● **Brief**
Once you find the line with "Dakine Excursion Gore-Tex" in the data below, transcribe exactly each line from there to the line with "Queen Bee Chapter 282 Page 25", inclusive, and nothing else. Drop the pictures.

● **Study material**
= = =
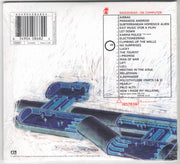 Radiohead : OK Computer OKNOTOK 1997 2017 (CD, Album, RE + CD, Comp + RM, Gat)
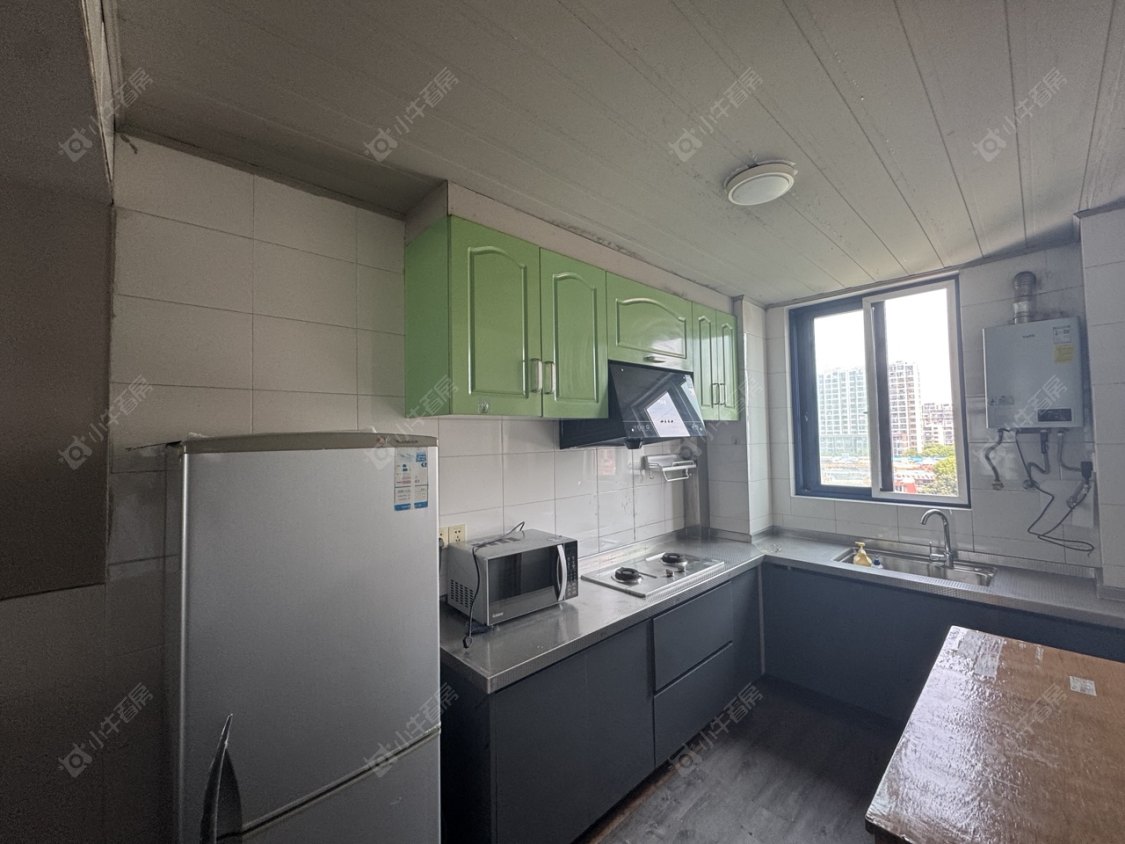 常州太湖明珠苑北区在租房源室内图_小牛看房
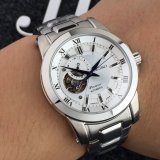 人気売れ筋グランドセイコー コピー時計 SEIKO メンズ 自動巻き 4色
= = =
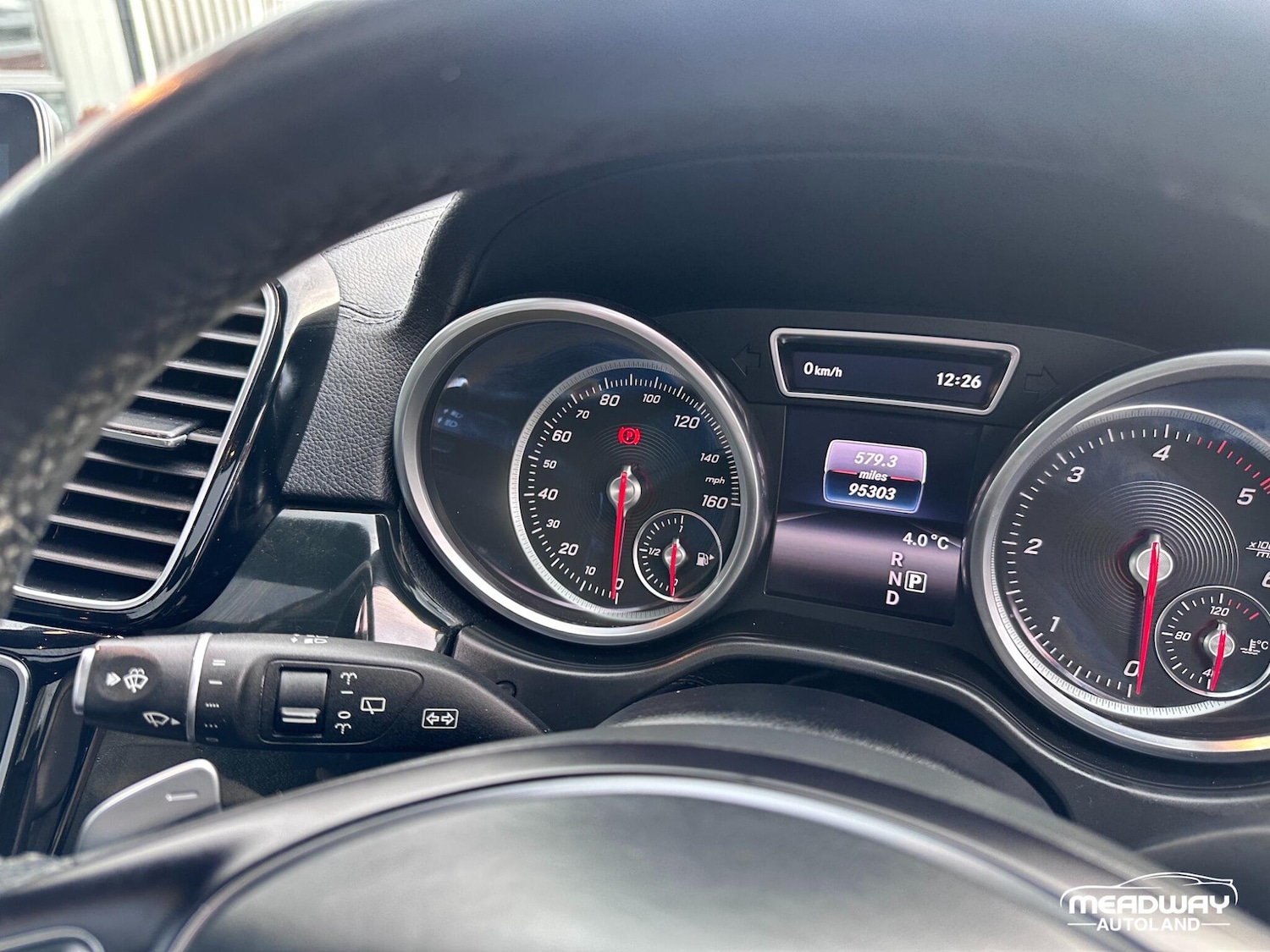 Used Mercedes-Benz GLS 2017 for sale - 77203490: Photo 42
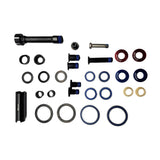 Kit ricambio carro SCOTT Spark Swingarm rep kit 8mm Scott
= = =
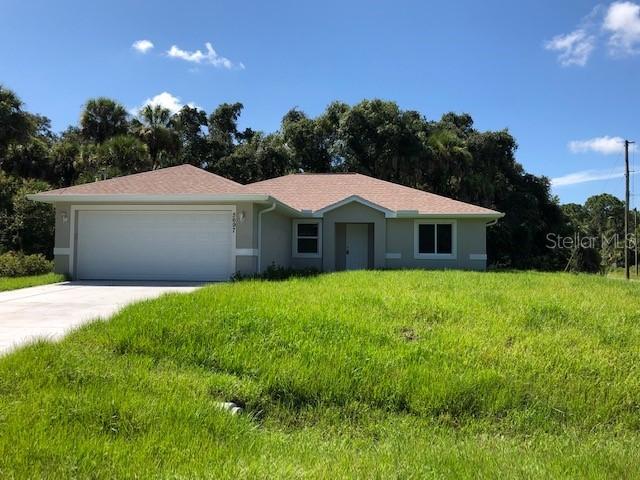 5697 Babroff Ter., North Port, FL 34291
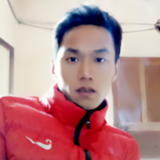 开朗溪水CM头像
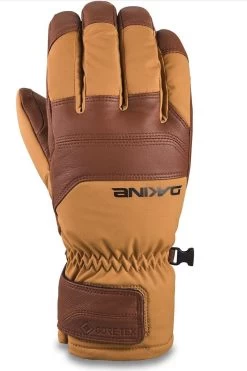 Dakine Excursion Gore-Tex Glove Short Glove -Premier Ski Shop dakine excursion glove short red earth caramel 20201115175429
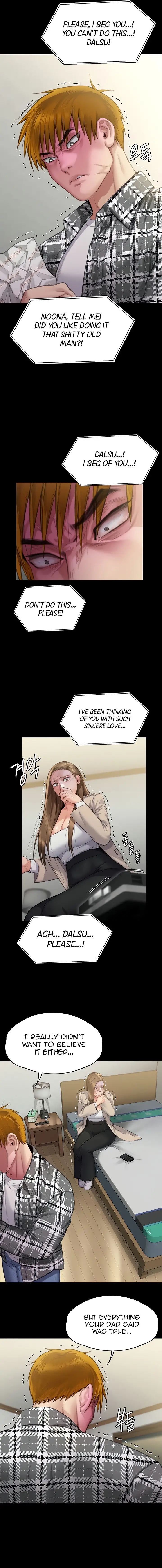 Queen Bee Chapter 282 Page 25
= = =
● **Result for this exercise**
 Dakine Excursion Gore-Tex Glove Short Glove -Premier Ski Shop dakine excursion glove short red earth caramel 20201115175429
 Queen Bee Chapter 282 Page 25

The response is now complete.